Lo sguardo sul mondo adulto è disincantato: nessuno riesce ad aiutare efficacemente la ragazza, non la madre, piccola truffatrice alla ricerca di soldi facili, non gli insegnanti o i poliziotti che sembrano non avere gli strumenti per contrastare il bullismo. Ad aumentare la pressione c’è questo mondo scolastico che spinge verso la competitività a tutti i costi, per il raggiungimento della “gloria”; ‘qui non servono amici’ dice Chen ai poliziotti.
Eppure sarà proprio il sodalizio con il teppistello di buon cuore Liu Beishan e dare un aiuto alla ragazza, ma il mondo intorno a loro è ostile e i guai si faranno decisamente seri, sicuramente al di là della capacità di gestione di due, seppur brillanti e determinati, ragazzi allo sbando.

La buona storia è affiancata da una recitazione veramente convincente da parte dei due protagonisti: Zhou Dongyu regala una dolce e determinatissima Chen Nian, dalla battuta pronta e dai sorrisi luminosi, ottima anche la prova del giovane Jackson Yee, che arriva dal mondo delle boy band, e dà al ladruncolo Beishan, abbandonato a sé stesso dai genitori, un giusto mix di scontrosità e tenerezza, di disperazione e di voglia di rivalsa.

Su tutto una fotografia splendida e curatissima, e lo sguardo del regista che porta lo spettatore a indugiare, lungo tutta la pellicola, sui volti intensi e su particolari minuti: le inquadrature delle telecamere di sorveglianza testimoni di tutta la vicenda, le rampe di svincoli di un tessuto urbano che sovrasta la vita dei “perdenti” relegati negli anfratti bui, una miriade di divise troppo immacolate, una distesa di ombrelli aperti sotto la pioggia, i riflessi dei volti sui divisori di plexiglas.

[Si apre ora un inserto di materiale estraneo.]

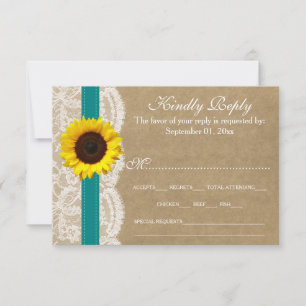 The Kraft, Lace & Sunflower Collection - Teal RSVP Card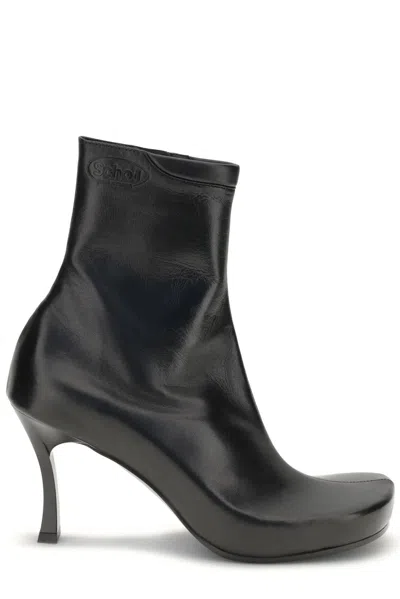 Balenciaga 75mm Square-toe Leather Boots In Black
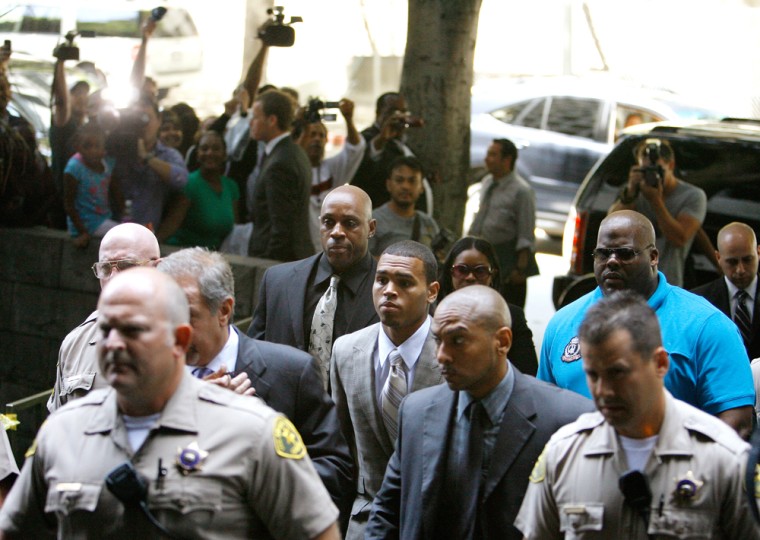 R&B singer Chris Brown arrives for a preliminary hearing at a Criminal Court in Los Angeles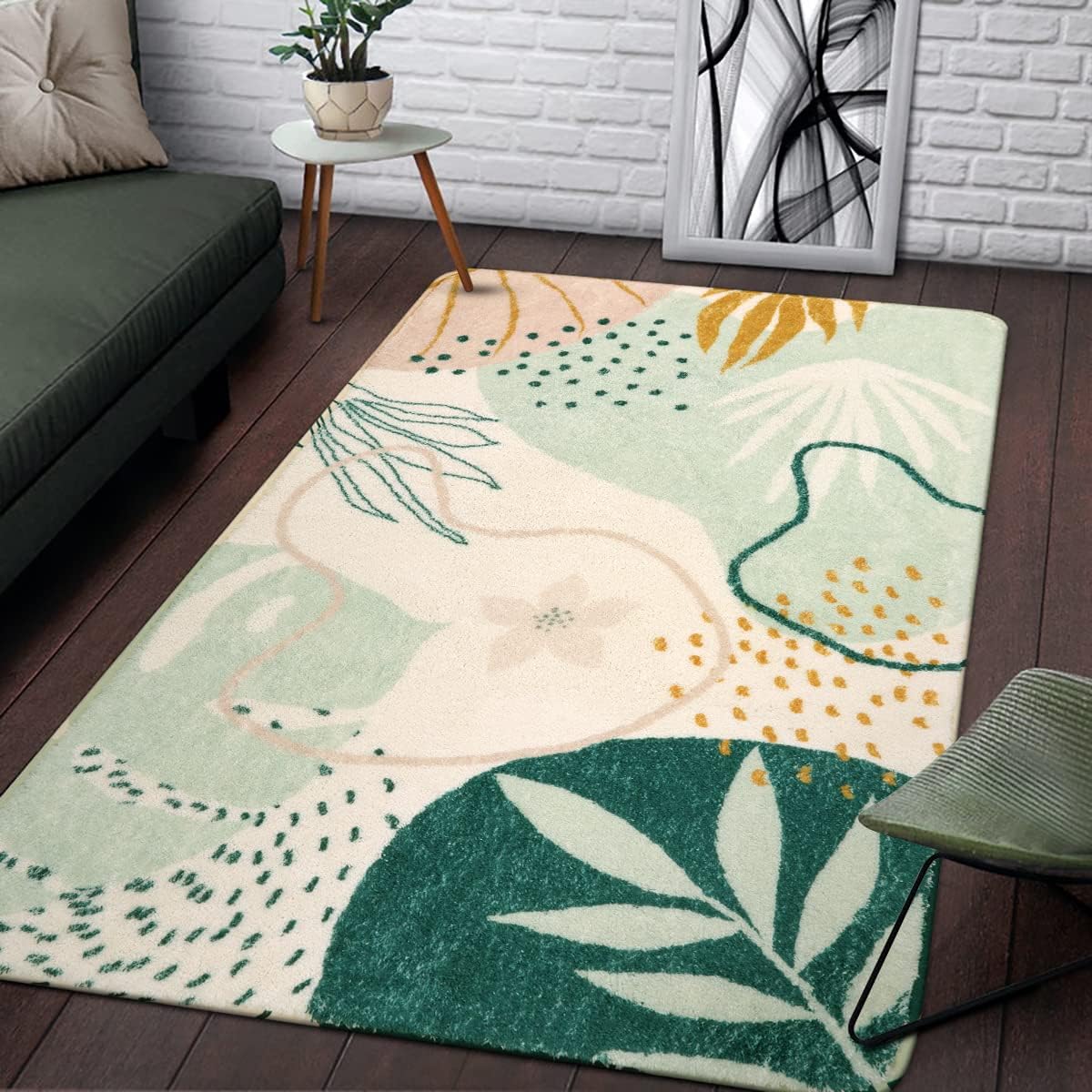 Lahome Green Botanical Print Small Throw Rugs Modern Abstract Non-Slip 3x5 Minimalist Art Area Rug Accent Distressed WashableFloor Carpet for Living Room Bedroom Entryway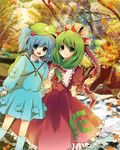  :d autumn backpack bad_id bad_pixiv_id bag blue_eyes blue_hair bow dress frills front_ponytail green_eyes green_hair hair_bobbles hair_bow hair_ornament hat highres holding_hands interlocked_fingers kagiyama_hina kawashiro_nitori key leaf light_rays long_hair multiple_girls open_mouth ribbon rio_666 river short_hair smile sparkle sunbeam sunlight touhou two_side_up water 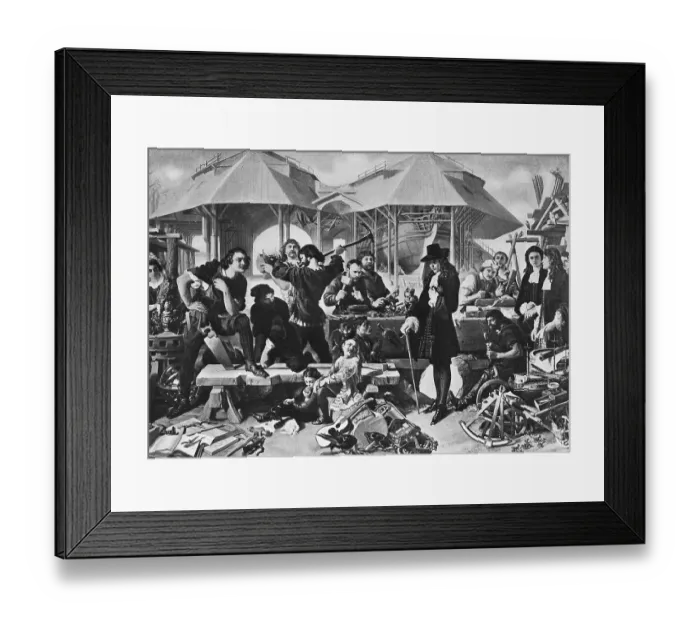 Framed Print : Peter the Great and Associates Lithograph After Painting by Daniel Maclise Framed Print : Peter the Great and Associates Lithograph After Painting by Daniel Maclise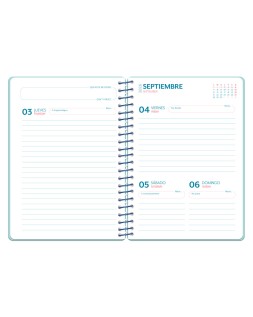 Agenda escolar liderpapel 26-27 espiral sports dia pagina a5 bilingue 80g papel fsc azul perro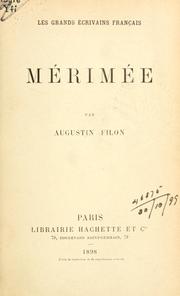 Cover of: Mérimée by Augustin Filon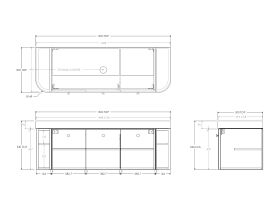 Technical Drawing - Kado Era Double Curve All Door 1500mm Wall Hung Vanity Centre Basin 90mm Durasein Top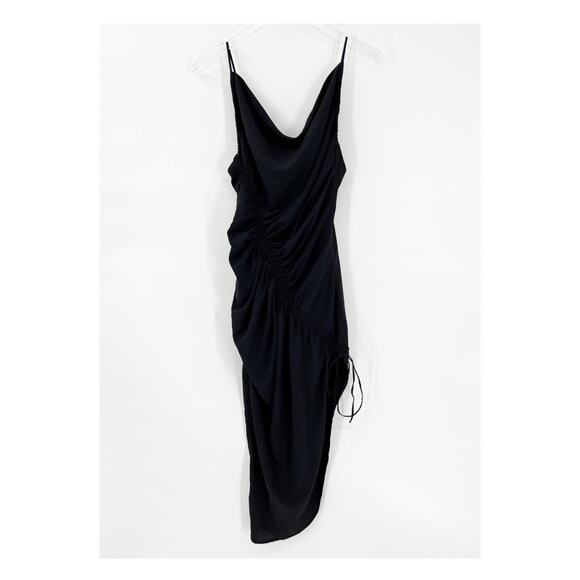 NEW Abercrombie & Fitch Ruched Asymmetrical Satin Midi Bodycon Dress SP Black - Picture 3 of 6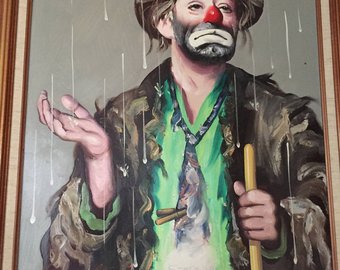 340x270 Limited Edition Oil On Canvas Clown Painting Of Emmett Kelly - Emmett Kelly Painting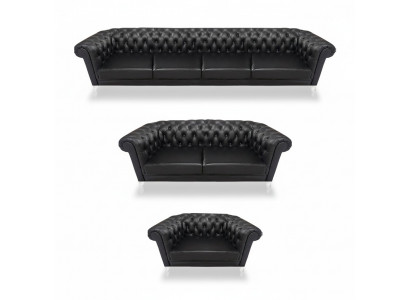 Black Chesterfield Leather Suite Designer 4-Seater Two-Seater Armchair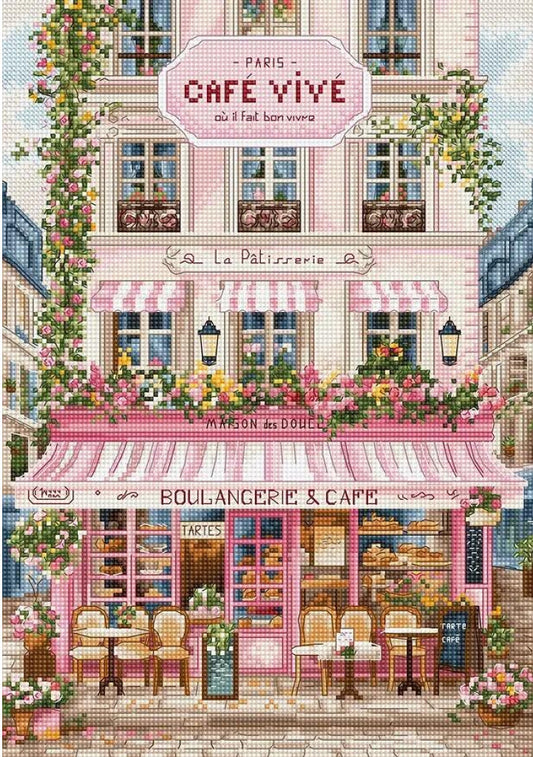Counted Cross stitch kit Sweet Parisian Street DIY Luca-S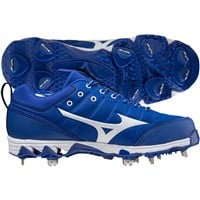 Mizuno Women's 9-Spike Swift 7 Low Metal Fastpitch Softball Cleat, Royal/White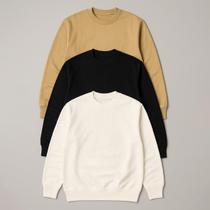 Kit 3 Blusa de Frio Gola Careca Unissex Algodão Inverno Moletom Sem Capuz Liso Sem Estampa Diversas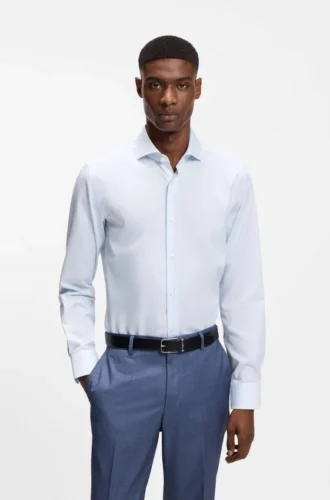 Bedrucktes Slim-Fit-Hemd aus knitterfreier Baumwolltwill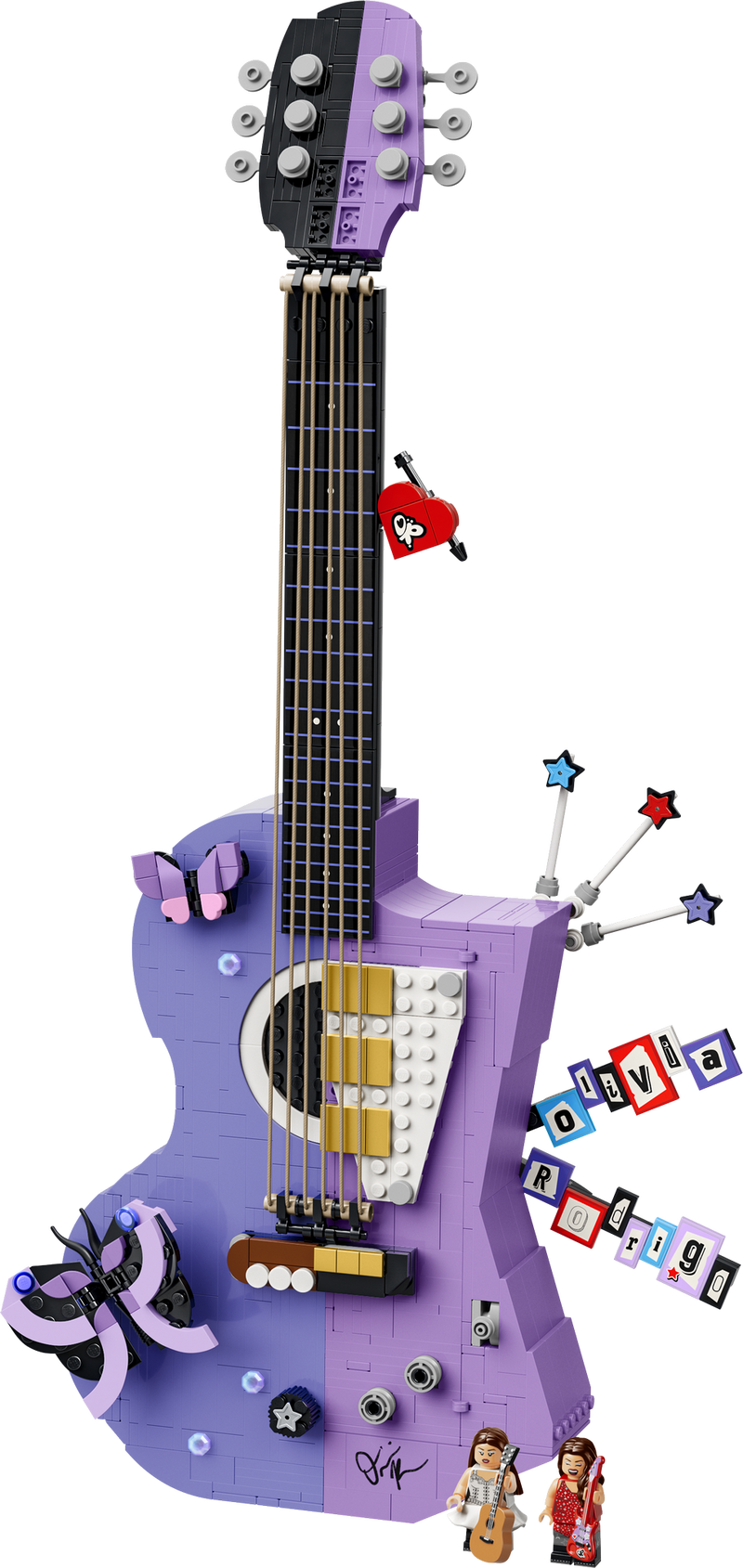 LEGO Editions Olivia Rodrigo's Dual Guitar 43031 built model combining electric and acoustic guitar designs in purple, with two Olivia Rodrigo minifigures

Un lavoro questo «Better days» che merita decisamente una visione: ha forse toni un po’ da “favola”, ma riesce ad affiancare critiche decise verso il sistema scolastico e verso gli adulti senza rendere, sarebbe troppo incongruente, il punto di vista di due adolescenti quello “giusto”.
Insomma: una buona pellicola per riflettere su una realtà a noi “altra” come la Cina e su un problema, diffuso ovunque, come il bullismo.